Citgo cut ties with PDVSA earlier this year after U.S. President Donald Trump’s administration sanctioned the state-run company and recognized Juan Guaido, Venezuela’s congress chief, as the nation’s legitimate leader. Citgo officials loyal to President Nicolas Maduro were ousted and new boards for PDVSA and Citgo were named by the Venezuelan congress in February.
An appointment could be announced as soon as this week, after Citgo’s board votes on the selection process, according to one of the sources.
Guaido, asked by reporters at a briefing outside the National Assembly office which nominations he is going to make, said: “We will announce three nominations. … We are in the search of a CEO for Citgo. We have interviewed Carlos Jorda. … Jorda will be supporting and helping this (effort to) safeguard (assets).”
Guaido did not provide details on how Jorda would provide support.
Jorda, 69, was chairman of Citgo Petroleum between 1999 and 2002 and retired from the company in the early 2000s. He is a director at Delek US Holding, an oil refiner based in Tennessee, and an adviser at consultancy Gaffney, Cline & Associates.
A Citgo spokeswoman referred questions on Jorda and the potential appointment to a June statement acknowledging that the board was searching for a “leader who can best navigate the complex geopolitical and financial landscape.”
Jorda, who one person said has not yet formally accepted the offer, could not be reached for comment.
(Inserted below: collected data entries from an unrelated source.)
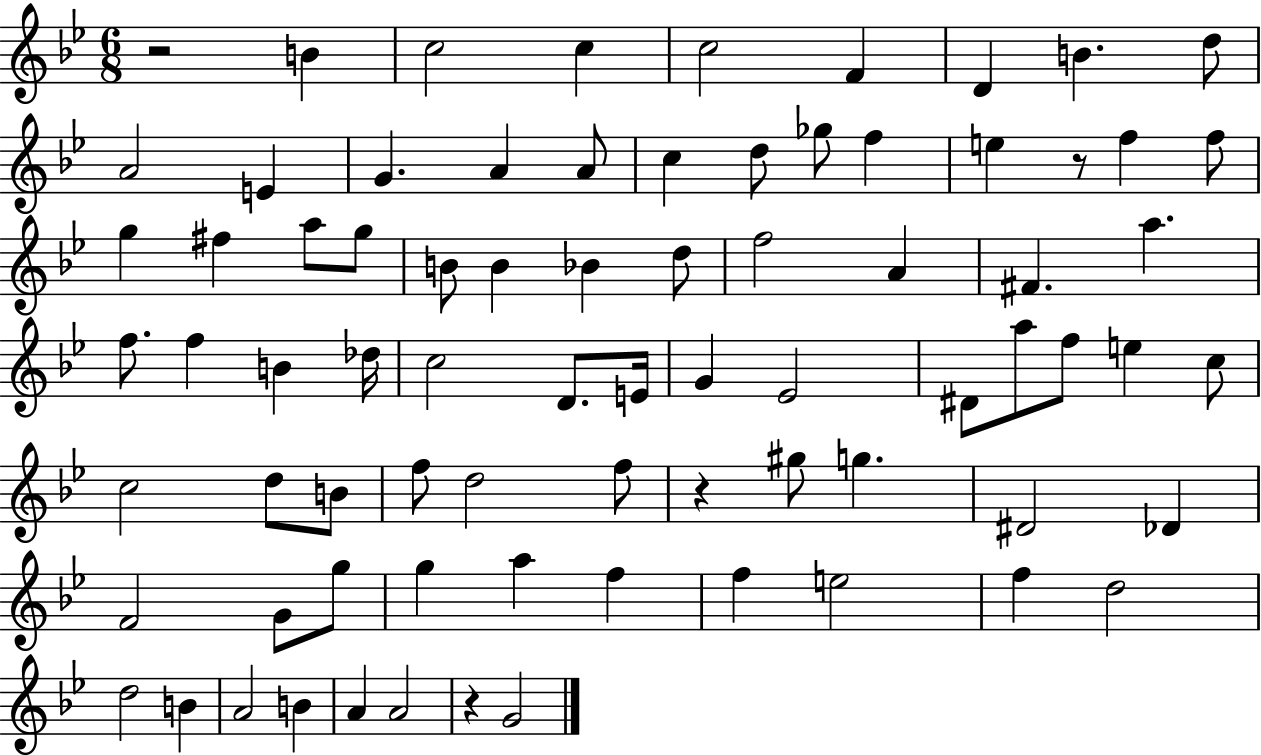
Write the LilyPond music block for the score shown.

{
  \clef treble
  \numericTimeSignature
  \time 6/8
  \key bes \major
  \repeat volta 2 { r2 b'4 | c''2 c''4 | c''2 f'4 | d'4 b'4. d''8 | \break a'2 e'4 | g'4. a'4 a'8 | c''4 d''8 ges''8 f''4 | e''4 r8 f''4 f''8 | \break g''4 fis''4 a''8 g''8 | b'8 b'4 bes'4 d''8 | f''2 a'4 | fis'4. a''4. | \break f''8. f''4 b'4 des''16 | c''2 d'8. e'16 | g'4 ees'2 | dis'8 a''8 f''8 e''4 c''8 | \break c''2 d''8 b'8 | f''8 d''2 f''8 | r4 gis''8 g''4. | dis'2 des'4 | \break f'2 g'8 g''8 | g''4 a''4 f''4 | f''4 e''2 | f''4 d''2 | \break d''2 b'4 | a'2 b'4 | a'4 a'2 | r4 g'2 | \break } \bar "|."
}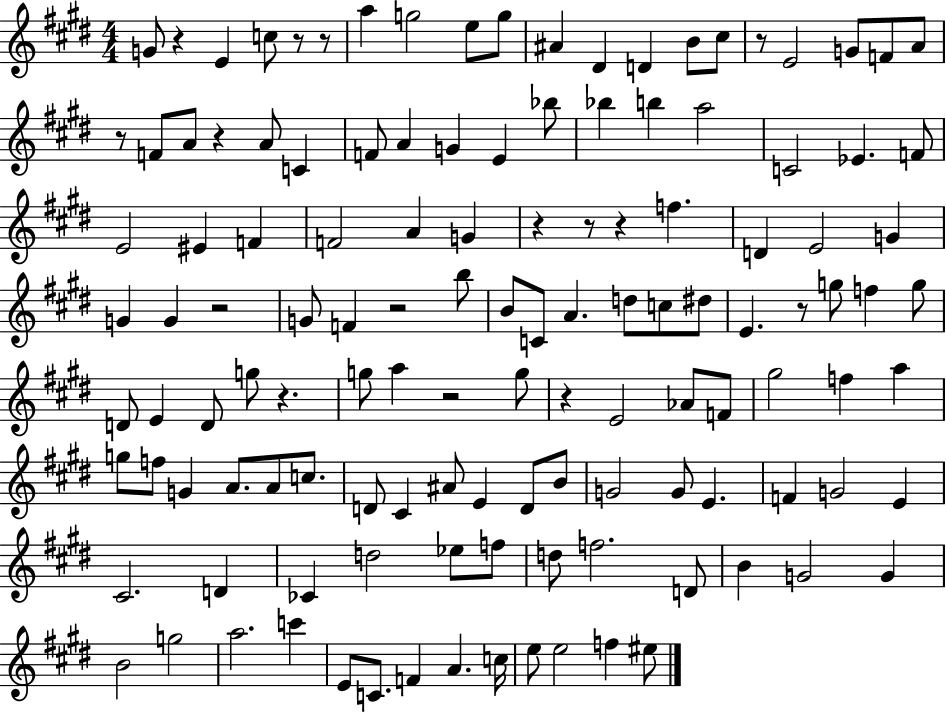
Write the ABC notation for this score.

X:1
T:Untitled
M:4/4
L:1/4
K:E
G/2 z E c/2 z/2 z/2 a g2 e/2 g/2 ^A ^D D B/2 ^c/2 z/2 E2 G/2 F/2 A/2 z/2 F/2 A/2 z A/2 C F/2 A G E _b/2 _b b a2 C2 _E F/2 E2 ^E F F2 A G z z/2 z f D E2 G G G z2 G/2 F z2 b/2 B/2 C/2 A d/2 c/2 ^d/2 E z/2 g/2 f g/2 D/2 E D/2 g/2 z g/2 a z2 g/2 z E2 _A/2 F/2 ^g2 f a g/2 f/2 G A/2 A/2 c/2 D/2 ^C ^A/2 E D/2 B/2 G2 G/2 E F G2 E ^C2 D _C d2 _e/2 f/2 d/2 f2 D/2 B G2 G B2 g2 a2 c' E/2 C/2 F A c/4 e/2 e2 f ^e/2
PDVSA did not reply to a request for comment.
Venezuelan Oil Minister Manuel Quevedo said over the weekend that the Trump administration is “stealing” Citgo, applying “irrational measures” and pursuing an economic war against Maduro.
The next CEO will take over a profitable business with nearly $30 billion in revenue last year, according to company disclosures. Citgo is the eighth largest U.S. refiner by capacity and markets through a network of 5,300 retail outlets.
But it is a company under siege on several fronts: Maduro has his own directors and considers the separation from PDVSA as illegal; creditors want to grab Citgo in payment for Venezuela’s debts; and the U.S. Justice Department is probing its role in alleged bribery-for-contracts schemes.
Luisa Palacios, a Venezuelan executive appointed by Guaido to lead Citgo’s board, would remain as chair and other directors also would continue, two of the sources said.
The decision comes as a U.S. court confirmed the Guaido administration’s authority to appoint the Citgo board, rejecting a lawsuit by Maduro-appointed officials seeking to retake control of the company.
Washington last week issued an executive order freezing any property of the Venezuelan government in U.S. territory and opening a window for the enforcement of secondary sanctions on the country, where PDVSA is struggling to allocate and receive cash from exports.
The order, along with new licenses permitting some exceptions, aims to protect Venezuela’s overseas assets, especially Citgo, from some creditors while giving power to Guaido’s representatives to negotiate with foreign holders of Venezuela’s debt.
Citgo operates refineries in Texas, Louisiana and Illinois that can process up to 749,000 barrels of crude oil per day. Shares in its U.S. parent, Citgo Holding, were used by Maduro as collateral for debt due in 2020 and for a loan from Russian oil company Rosneft (ROSN.MM).